--- START ---

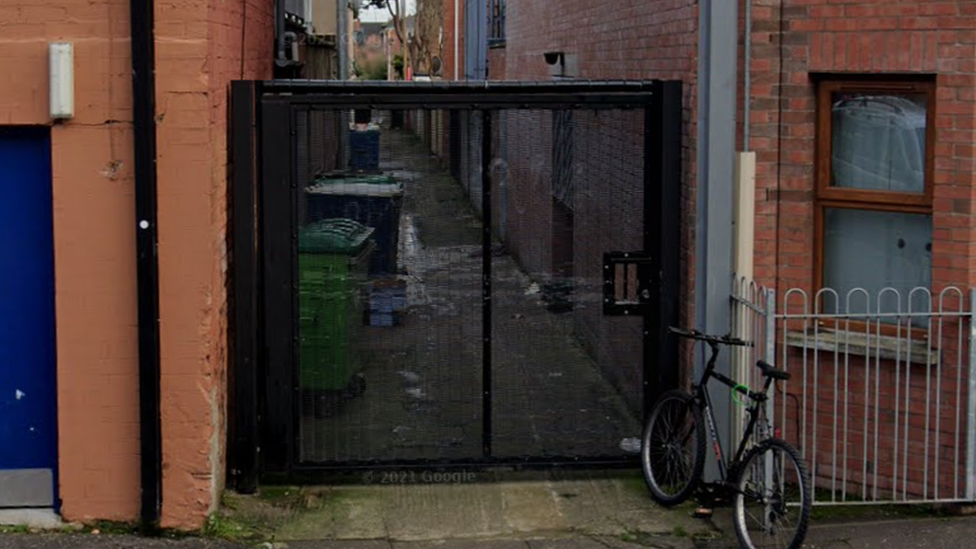 A gate on an alleyway between houses in south Belfast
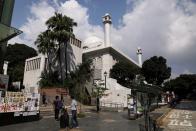 People walk past Kowloon Masjid and Islamic Centre in Hong Kong’s tourism district Tsim Sha Tsui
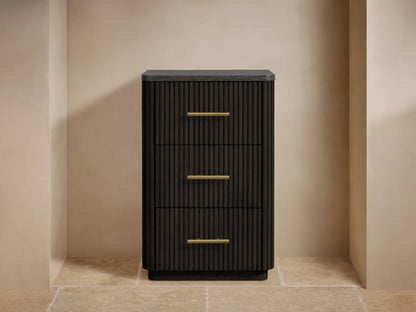 Finnley Short Bath Cabinet, dark fluted wood with 3 drawers, brass pulls, & dark stone top. Towels & vase on top in a beige room.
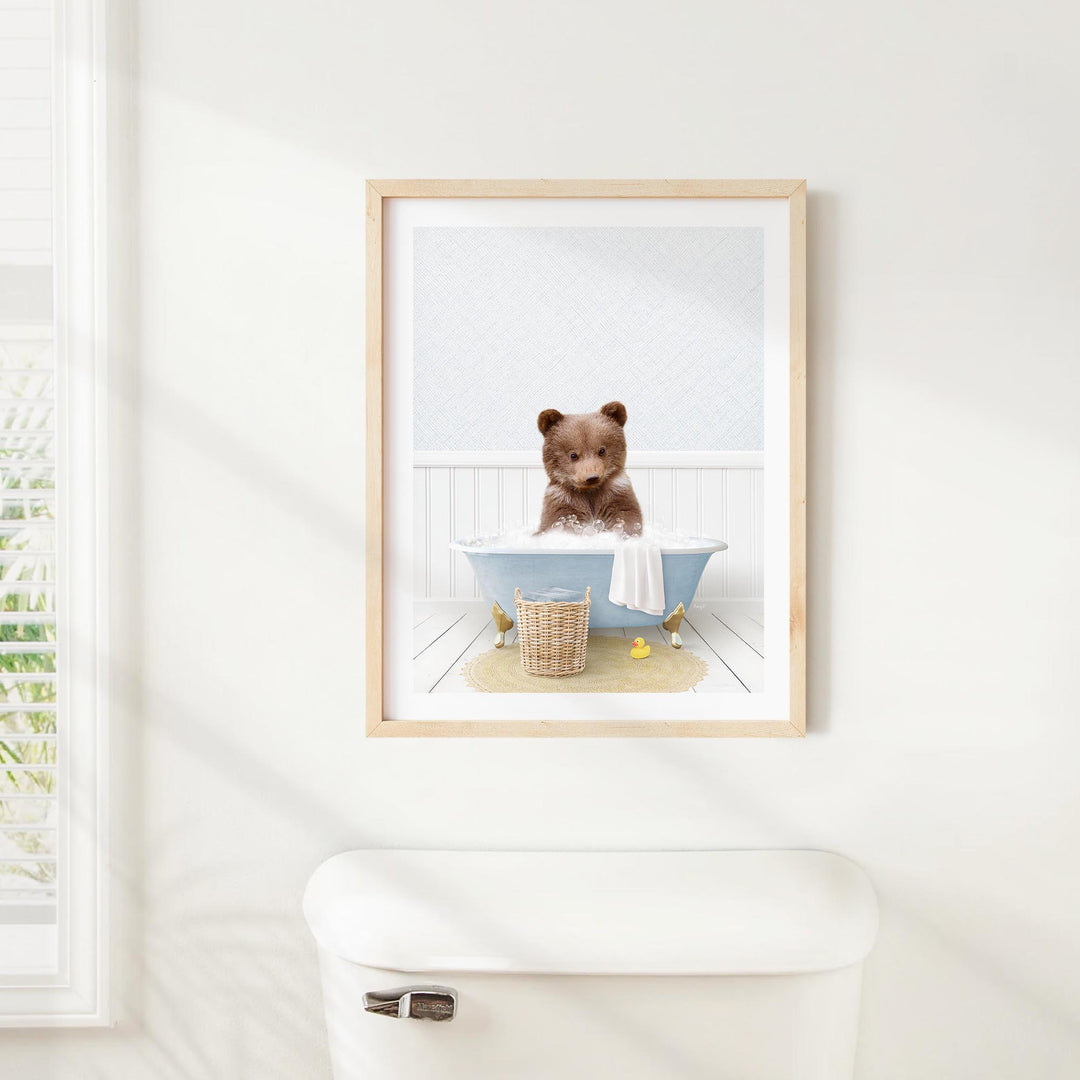 A framed image of a brown bear sitting in a blue bathtub, with a basket of bath toys nearby.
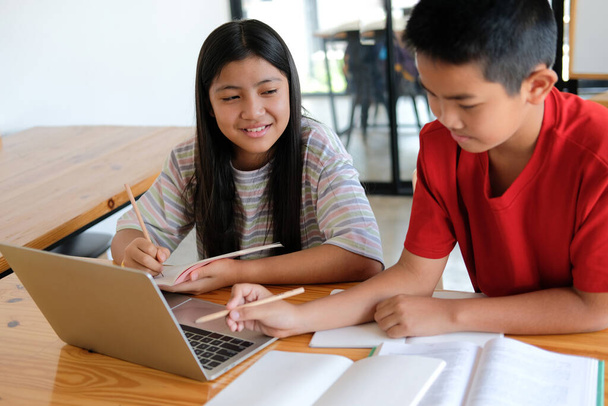 азиатский мальчик девочка студент изучает урок онлайн. дистанционное обучение на дому - Фото, изображение
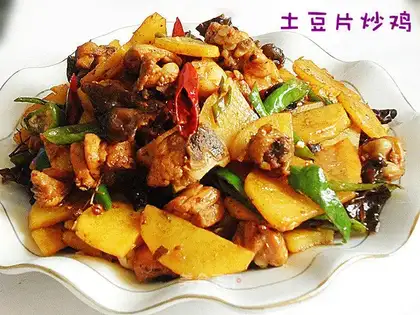 Fried chicken with potato slices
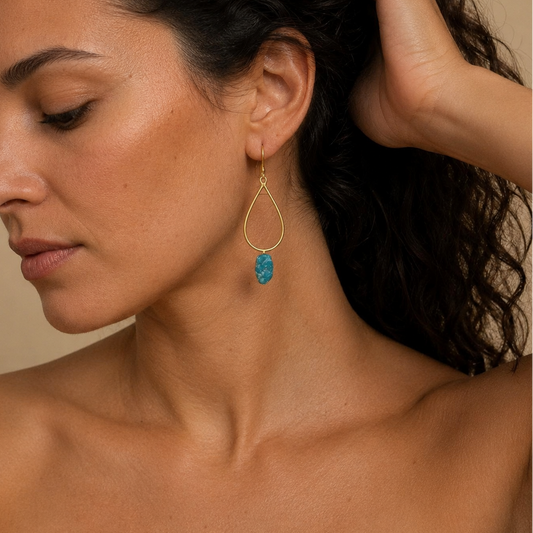 Close-up of a woman wearing a gold earring with a blue gemstone against a neutral background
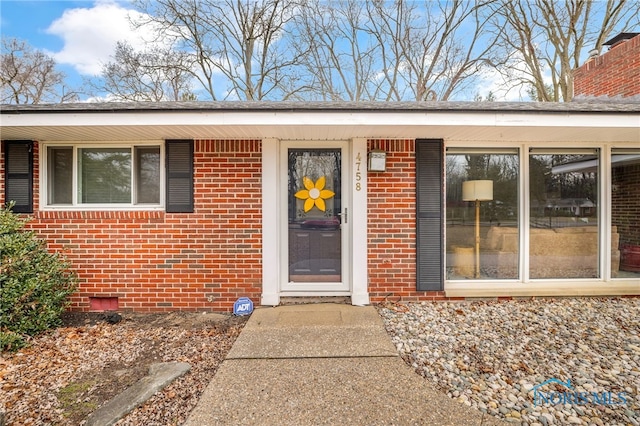 entrance to property with crawl space and brick siding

--- END ---

**What needs to be done**
Your copy of the records must match them exactly, except that no pictures appear in it.

**Answer area**
 A gate on an alleyway between houses in south Belfast
 People walk past Kowloon Masjid and Islamic Centre in Hong Kong’s tourism district Tsim Sha Tsui
 Finnley Short Bath Cabinet, dark fluted wood with 3 drawers, brass pulls, & dark stone top. Towels & vase on top in a beige room.
 A framed image of a brown bear sitting in a blue bathtub, with a basket of bath toys nearby.
 азиатский мальчик девочка студент изучает урок онлайн. дистанционное обучение на дому - Фото, изображение
 Fried chicken with potato slices
 Close-up of a woman wearing a gold earring with a blue gemstone against a neutral background
 entrance to property with crawl space and brick siding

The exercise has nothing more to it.